In the novel, Katniss’s use of “protective tomboyism” is based on her skill as an athlete rather than her appearance. “You’ve got to get your hands on a bow. That’s your best chance,” advises Gale (39). Mainly it is her talent in archery that tips survival in her favor, but also her compassion and skills in identifying plants, traditionally female activities, that add to her success. The Hunger Games provide an arena where all her survival skills are seen by the reader, and highlighted without gender bias. Katniss’s determination to win the Games is portrayed equally as she blows up the supplies held by the Careers’ and as she plays Peeta’a girlfriend. Throughout the novel she crosses gender lines in order to survive. Collins created gender balance in her hero character allowing her an athletic ability that causes the Careers’ believe her to be a threat in the games, which makes her an early target, while putting her in the role of girlfriend and sister. Once again, her history of enacting the tomboy allows her access into the male dominated group of Games winners; but her compassion and sensitivity appeals to the friendship of a young girl, who admires her for who she is.

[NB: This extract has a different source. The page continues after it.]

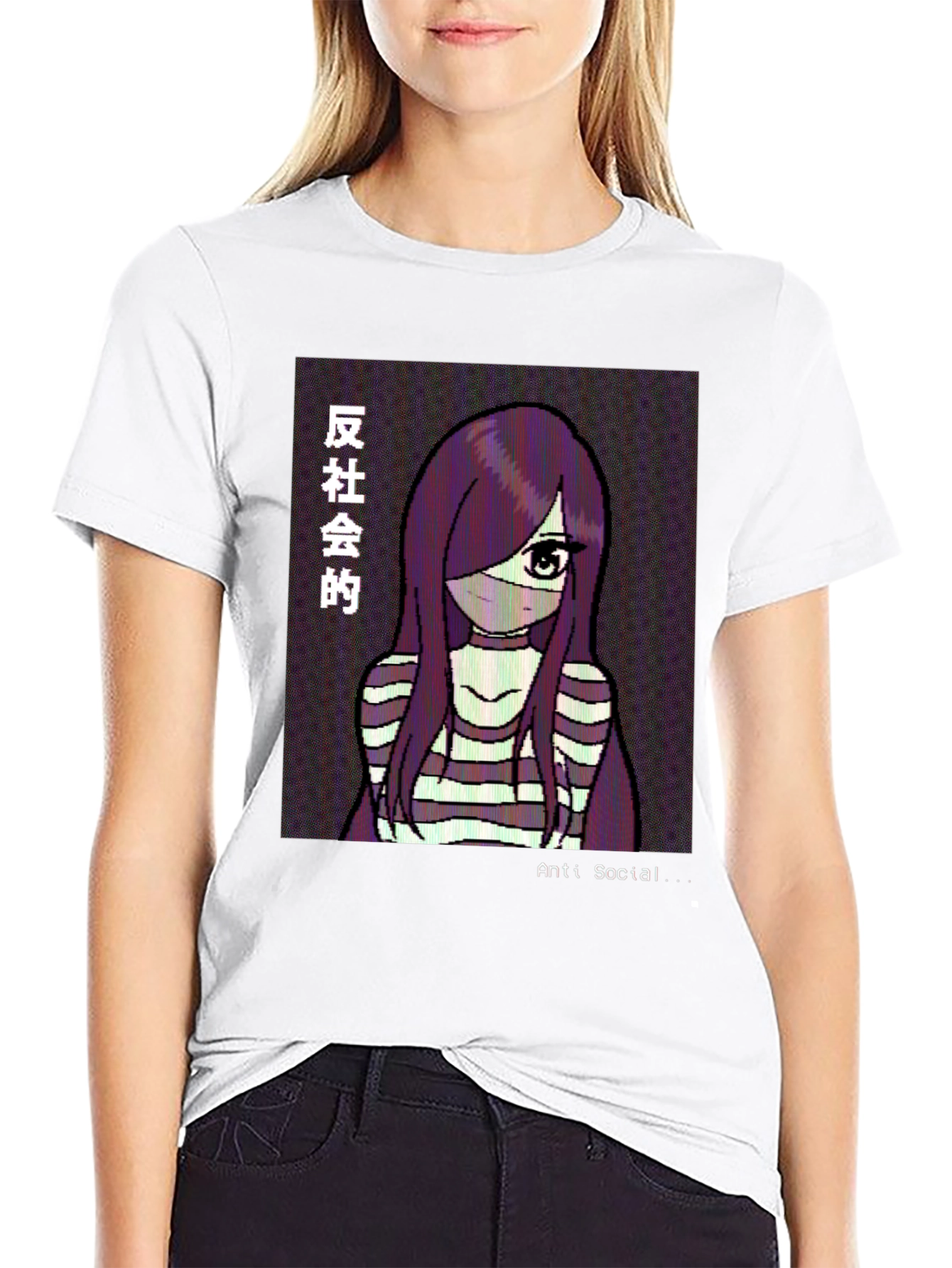 Anti-Social Anime Girl Graphic Tee - Black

Collins also challenges the idea typical “tomboy” appearance. In studies as current as 2007, both children and adults believe that tomboys were girls who took on the appearance of boys (Paechter and Clark 349). This ideology dates back as far as Alcott’s Little Women when Jo cuts her hair to add to the family finances (Foster and Simmons 96). The depiction of one sister who is considered a tomboy as the only one with short hair adds to the imagery of the tomboy resembling an actual boy.
The descriptions in the first chapters of the fragility of Katniss’s other female family members begins to show a contrast between Katniss and other females, however these descriptions are not based only on outward appearances. Like their mother, Katniss’ sister Prim is delicate in looks and in personality. She is described as being “as lovely as the primrose for which she was named” (3). However, neither of these other women is able to provide for the family in the same ways that Katniss is able to. Katniss describes trying to teach her sister to hunt as “disastrous” (35). The first person narrative used in the novel causes the reader to rely on other characters view of Katniss’s physical appearance. As Peeta states to Haymitch, “She has no idea. The effect she can have” (91).

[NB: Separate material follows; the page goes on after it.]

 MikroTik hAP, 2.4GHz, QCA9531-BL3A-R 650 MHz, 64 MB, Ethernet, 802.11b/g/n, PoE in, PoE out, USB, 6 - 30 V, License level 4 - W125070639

Katniss appears as the stereotypical tomboy of the past throughout the novel. As Craig and La Croix state in their study, tomboys are more apt to dress in a more masculine way due to “function rather than form,” and this is true for Katniss (451). At the beginning of the novel, this is the case, as Katniss wears clothing that helps her blend into the woods, and her hair pulled back in a braid. Both of which help her gain access into the “male” world of “tomboyism”. However, in both the reaping and the first parade she maintains a classic appearance in hair and make-up, similar to her appearance in everyday life, so that she looks like herself, but dresses in a way that shows her femininity. The impression the text gives through the other characters is that she is beautiful in a classical womanly way, even though she chooses to dress in masculine attire on an everyday basis. On the day of the first parade where the goal is to impress the audience, Katniss describes the look that her make-over team gives her, “My face is relatively clear of makeup, just a bit of high-lighting here and there. My hair has been brushed out and then braided down my back in my usual style” (67). There is little need to adjust her hair or make-up to gain acceptance into the female public. She is also in her everyday hunting attire when the males in her life show interest in her. Gale broaches the idea of family and running away while they are hunting in the woods, and Peeta fall more in love with her during their time in the Games. Ironically, Katniss doesn’t show displeasure while getting dressed for the first parade. She is more in awe of the actions women of the Capitol do to their bodies then showing displeasure in it happening to her (63-64). This contrast is explained in Craig and La Croix’s theory as requiring the tomboy to “‘play’ femininity in order to conform to a normative gender role in specific situations so that in other situations the tomboy identity will be supported or allowed” (459). Katniss comes to realize that “the Hunger Games aren’t a beauty contest, but the best-looking tributes always seem to pull more sponsors” (58).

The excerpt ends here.